_Task directions:_ Transcription, pictures excluded: write out the data below exactly.
=-=-=-=-=
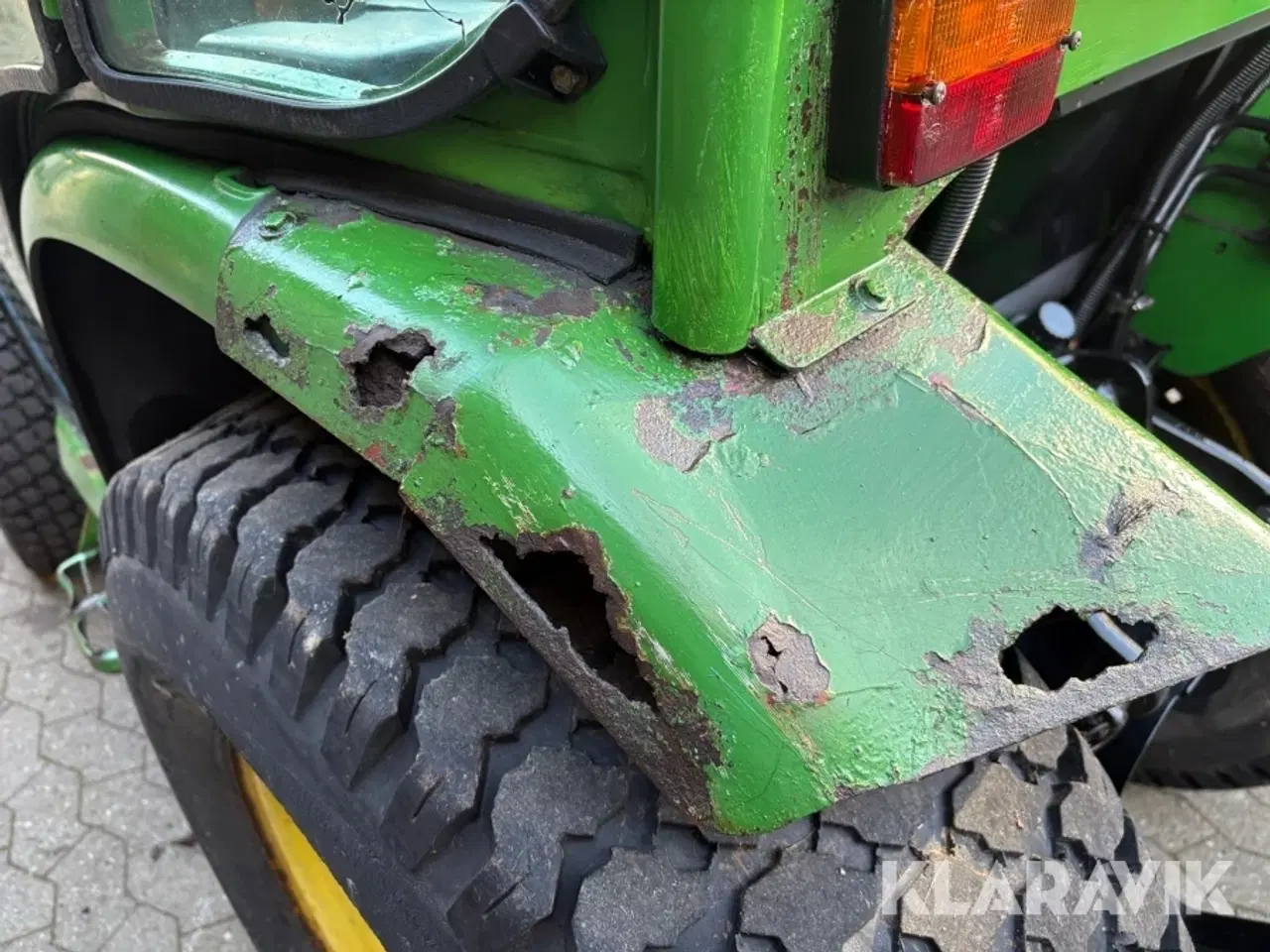 Billede 12 - Traktor John Deer 4310 med saltudlægger, kost og sneplov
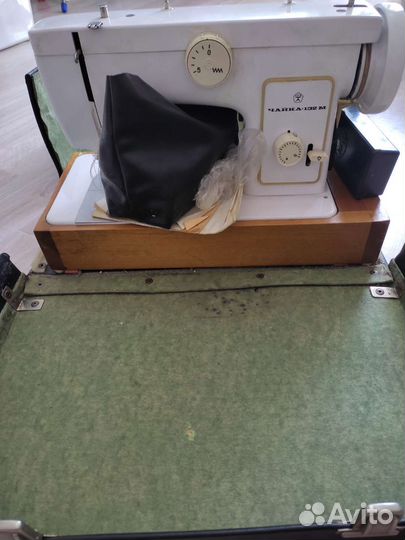 Швейная машина Чайка 142м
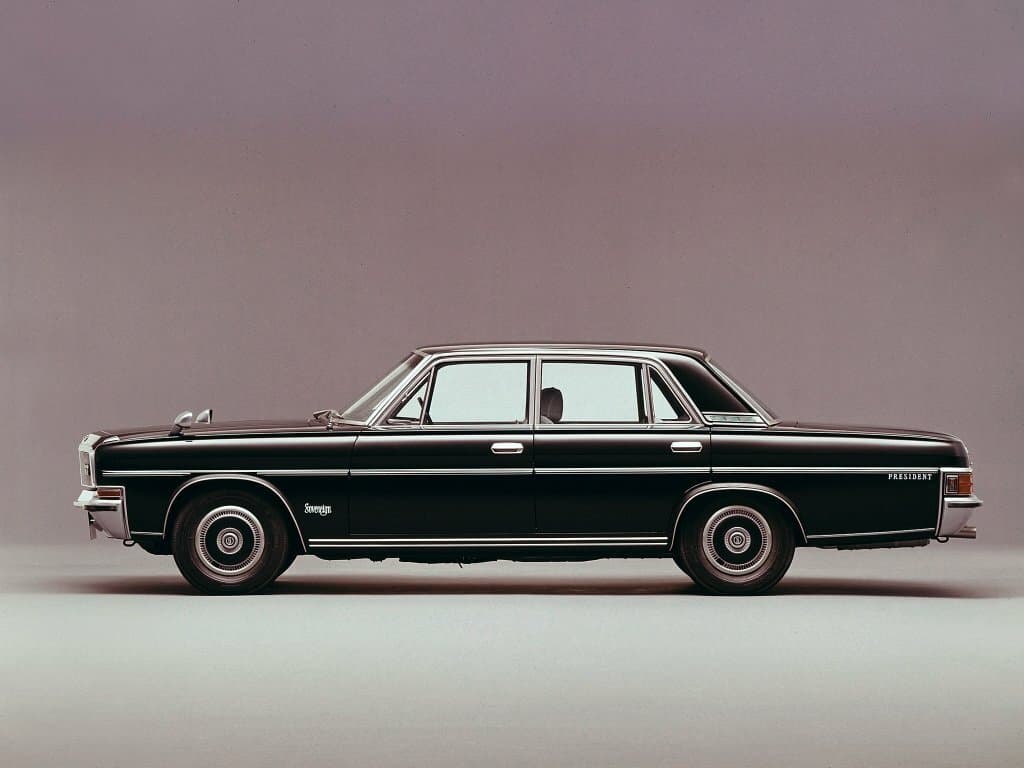 Nissan President I (150, 250) — Yandan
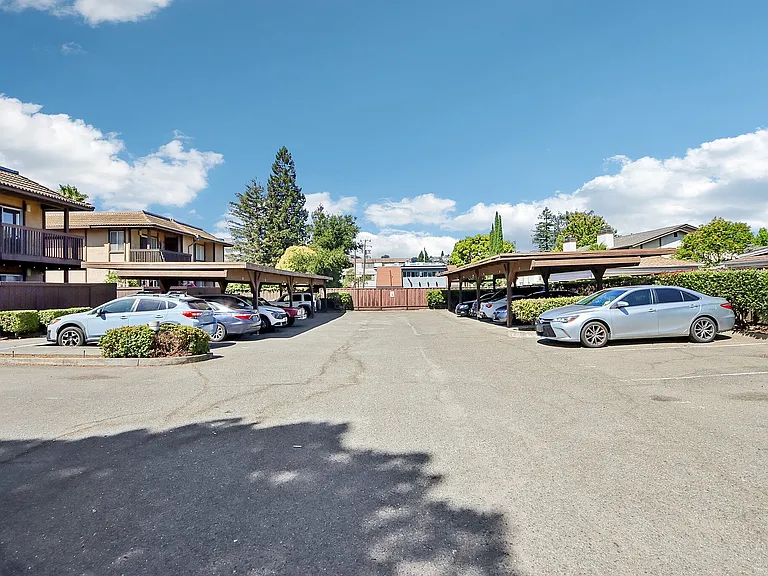 6-web-or-mls-Wisteria St 10-S1807-006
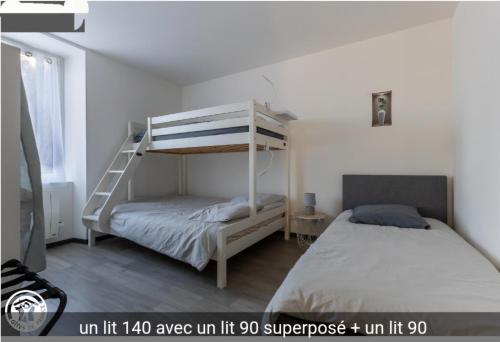 ein Schlafzimmer mit einem Etagenbett neben einem Bett sidx sidx sidx sidx in der Unterkunft Vacances en famille 4 étoiles à 30min des pistes de Ski Mont Dore Sancy in Messeix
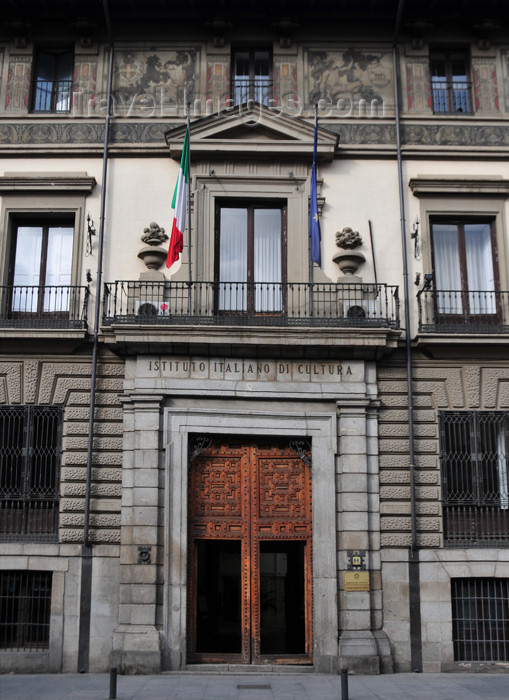 spai459: Madrid, Spain: Calle Mayor - Palacio de Abrantes - Istituto Italiano di Cultura - architect Juan Maza - photo by M.Torres - (c) Travel-Images.com - Stock Photography agency - Image Bank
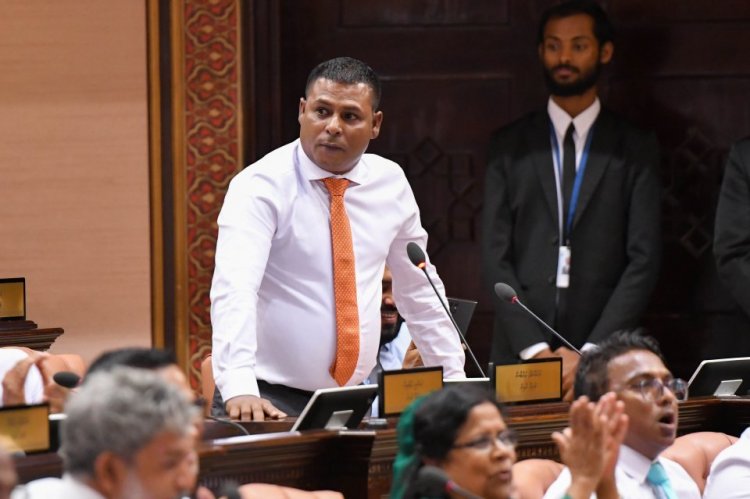 މީޑިއާގެ ދިފާއުގައި އައްބާސް ދައްކަވާ ނަމޫނާއަށް ސެލިއުޓްކުރެވޭ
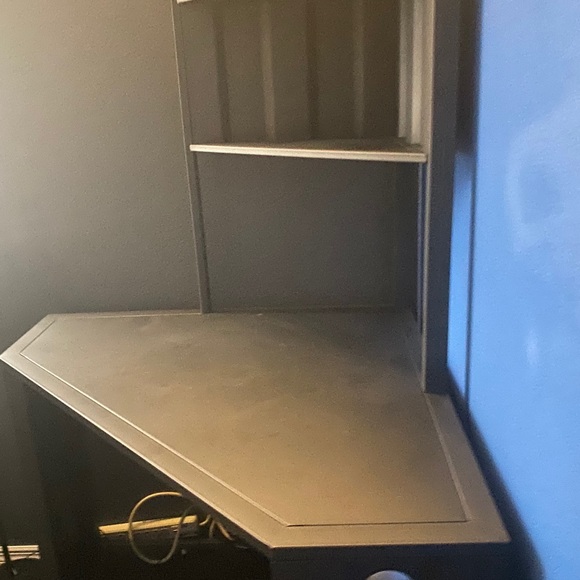 Corner desk - Picture 2 of 4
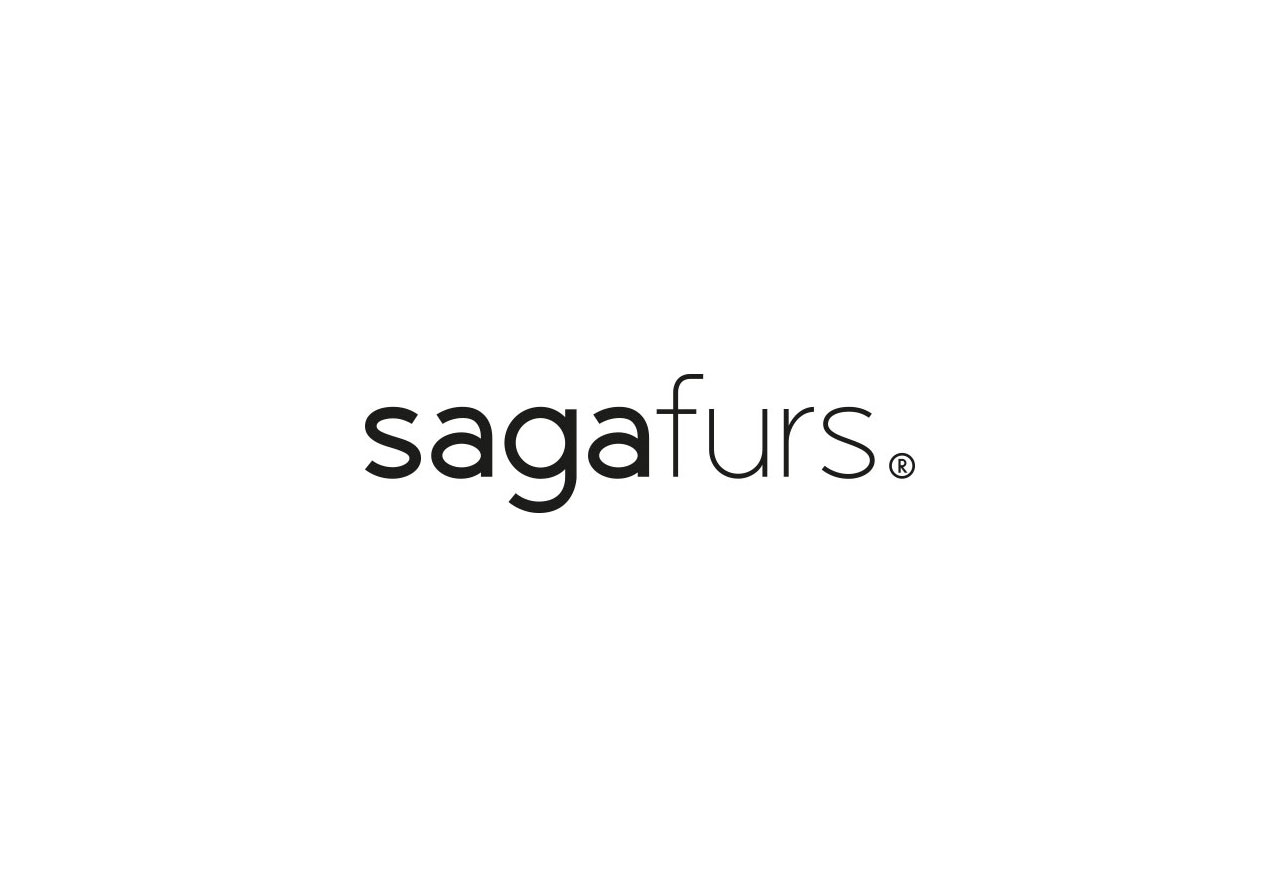 SAGA Shadow fox fur blanket - white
=-=-=-=-=
_Task solution:_
 Billede 12 - Traktor John Deer 4310 med saltudlægger, kost og sneplov
 Швейная машина Чайка 142м
 Nissan President I (150, 250) — Yandan
 6-web-or-mls-Wisteria St 10-S1807-006
 ein Schlafzimmer mit einem Etagenbett neben einem Bett sidx sidx sidx sidx in der Unterkunft Vacances en famille 4 étoiles à 30min des pistes de Ski Mont Dore Sancy in Messeix
 spai459: Madrid, Spain: Calle Mayor - Palacio de Abrantes - Istituto Italiano di Cultura - architect Juan Maza - photo by M.Torres - (c) Travel-Images.com - Stock Photography agency - Image Bank
 މީޑިއާގެ ދިފާއުގައި އައްބާސް ދައްކަވާ ނަމޫނާއަށް ސެލިއުޓްކުރެވޭ
 Corner desk - Picture 2 of 4
 SAGA Shadow fox fur blanket - white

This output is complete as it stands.